Segment Start: Records shown
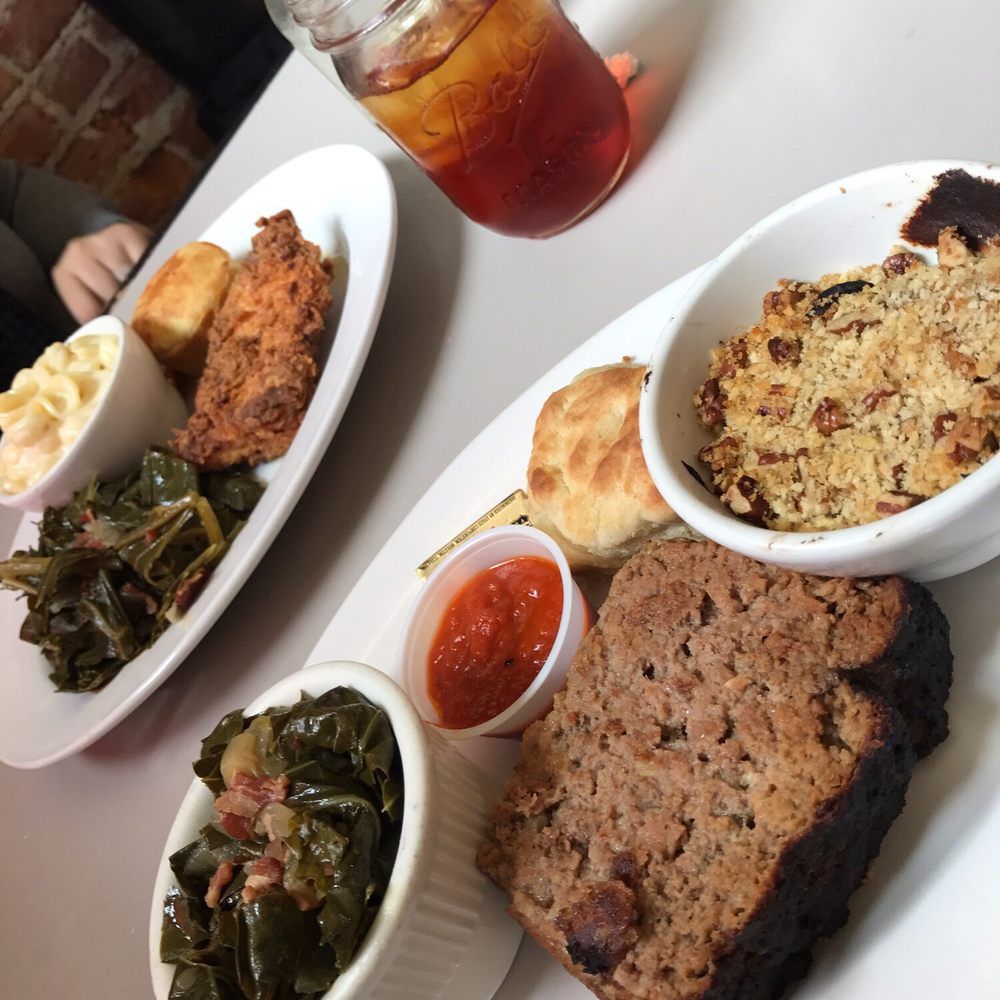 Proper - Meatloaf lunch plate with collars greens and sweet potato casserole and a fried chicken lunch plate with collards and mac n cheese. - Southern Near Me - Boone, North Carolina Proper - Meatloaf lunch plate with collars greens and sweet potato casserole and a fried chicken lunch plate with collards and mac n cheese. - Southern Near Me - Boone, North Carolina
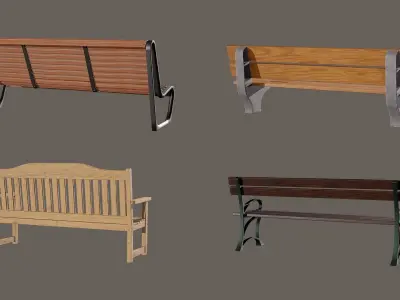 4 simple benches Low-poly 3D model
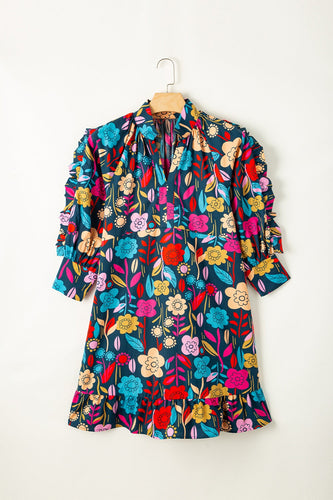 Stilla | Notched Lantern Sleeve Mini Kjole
Segment End: Records shown
Segment Start: Records shown
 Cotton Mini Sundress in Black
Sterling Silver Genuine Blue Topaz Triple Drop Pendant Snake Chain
Segment End: Records shown
Segment Start: Records shown
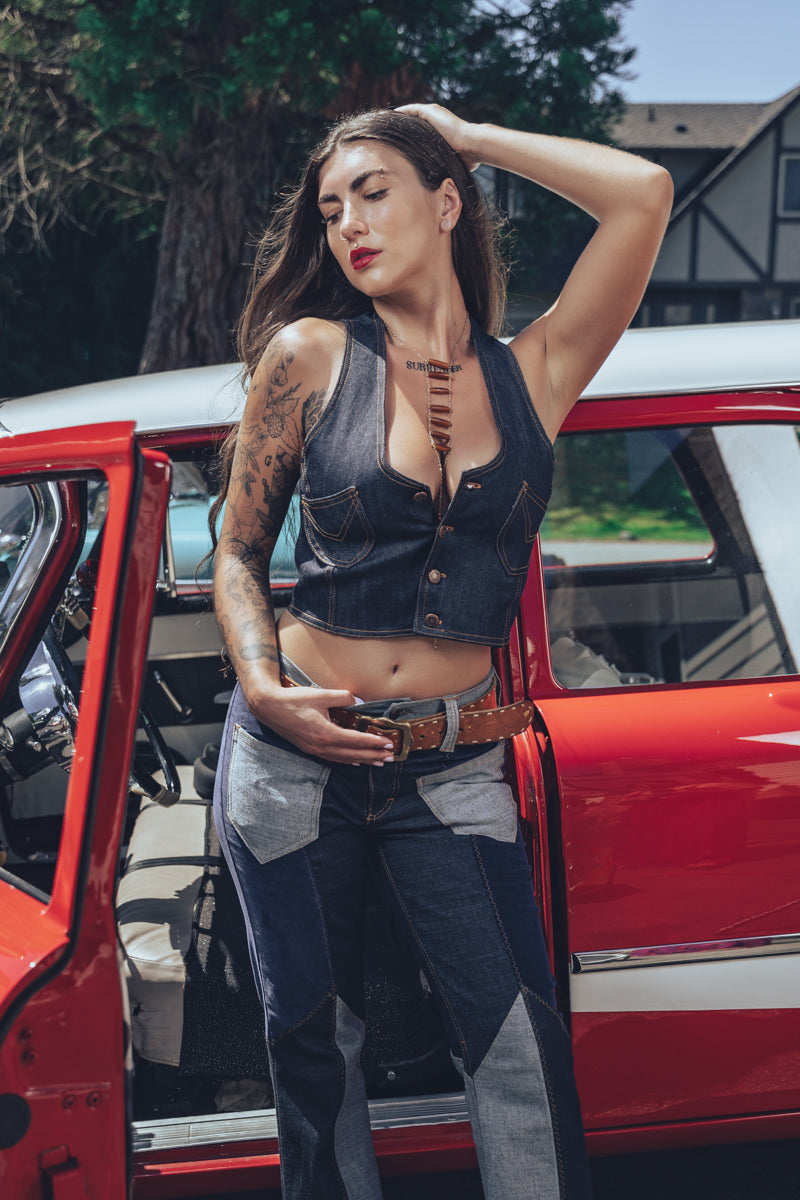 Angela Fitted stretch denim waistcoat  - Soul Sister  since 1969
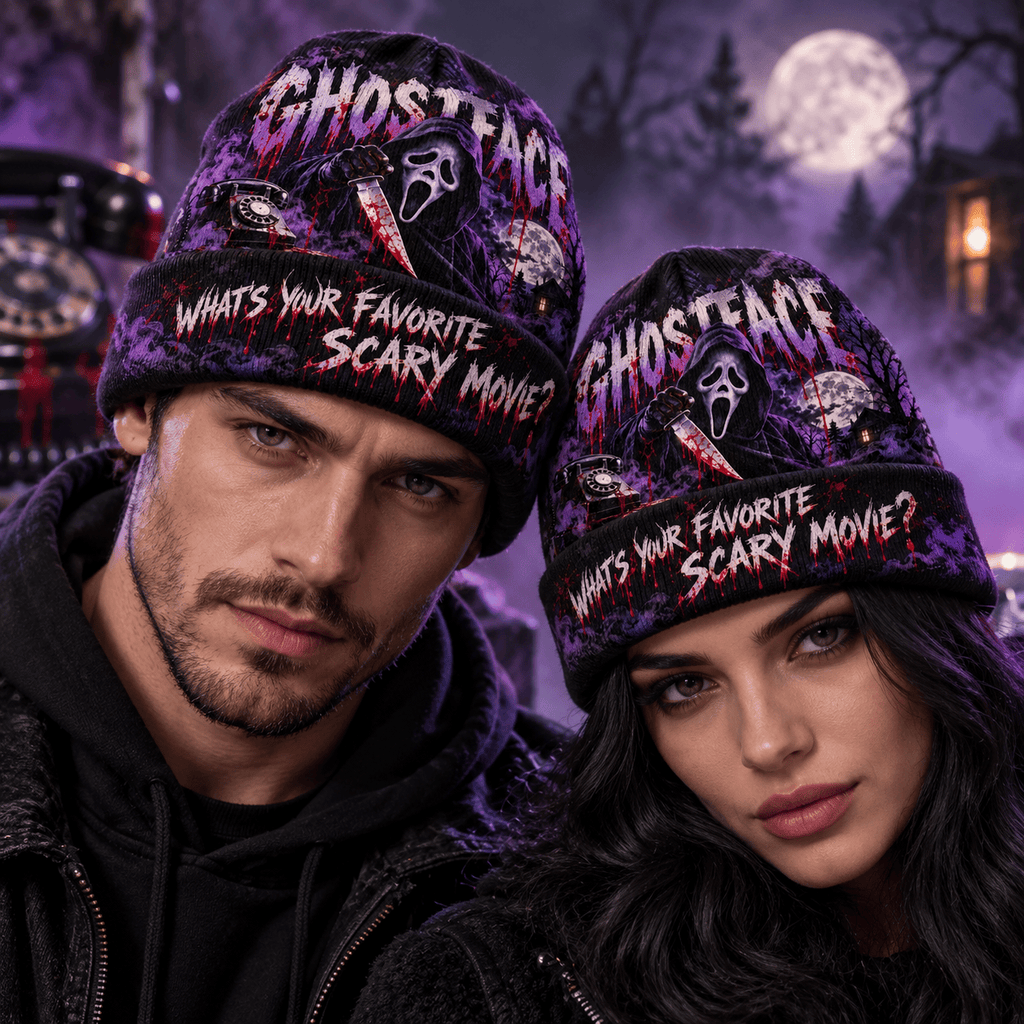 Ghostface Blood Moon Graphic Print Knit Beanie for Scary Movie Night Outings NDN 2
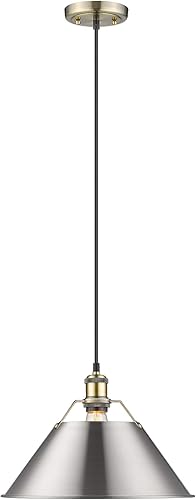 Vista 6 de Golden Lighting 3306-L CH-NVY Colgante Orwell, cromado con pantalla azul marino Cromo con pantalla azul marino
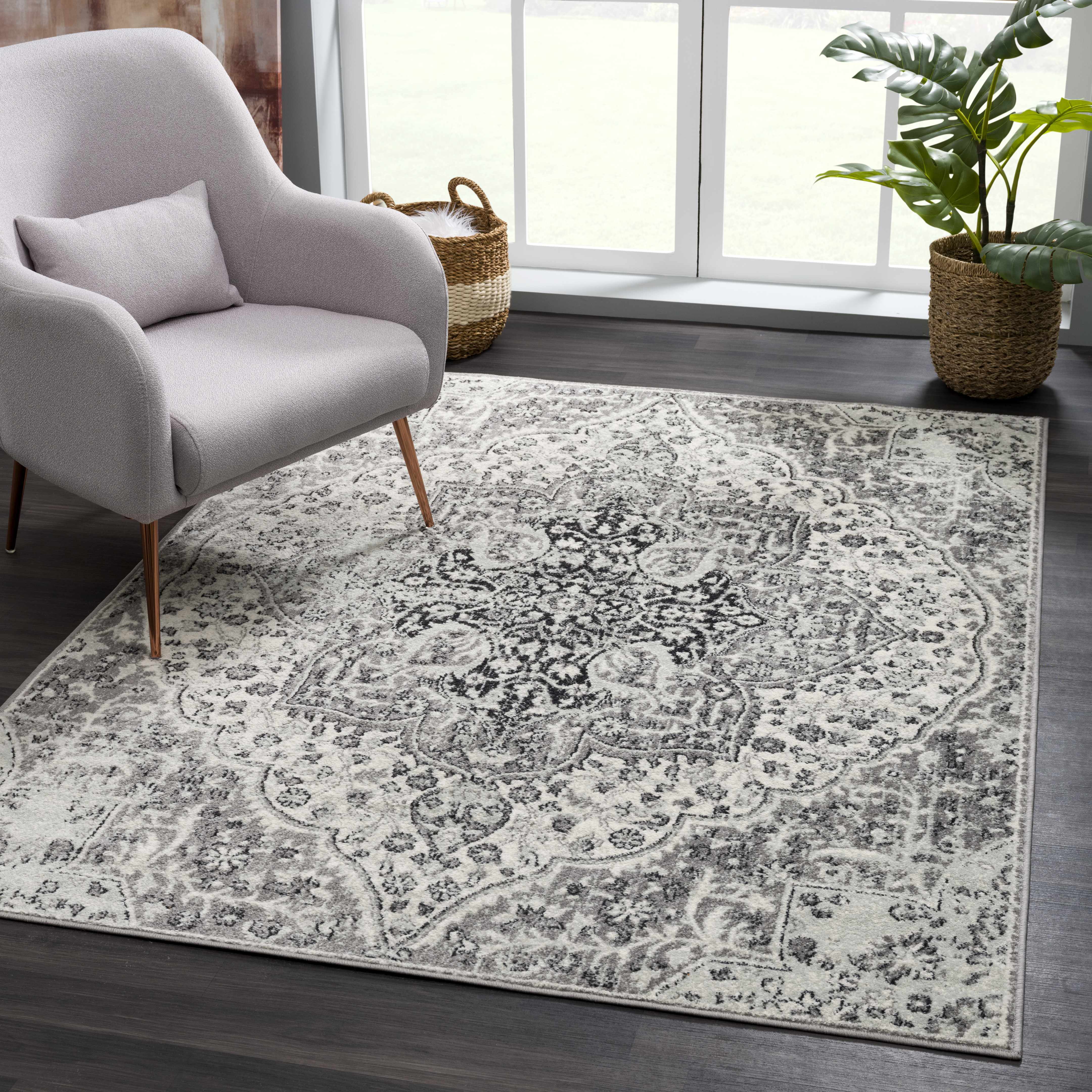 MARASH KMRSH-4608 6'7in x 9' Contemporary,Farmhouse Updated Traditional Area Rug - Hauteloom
Segment End: Records shown
What is required: Copy nothing but the lines above that run from the one with "North Carolina Proper" to the one with "4 simple benches Low-poly 3D model", ends included; pictures stay out.

Output of the exercise:
 Proper - Meatloaf lunch plate with collars greens and sweet potato casserole and a fried chicken lunch plate with collards and mac n cheese. - Southern Near Me - Boone, North Carolina Proper - Meatloaf lunch plate with collars greens and sweet potato casserole and a fried chicken lunch plate with collards and mac n cheese. - Southern Near Me - Boone, North Carolina
 4 simple benches Low-poly 3D model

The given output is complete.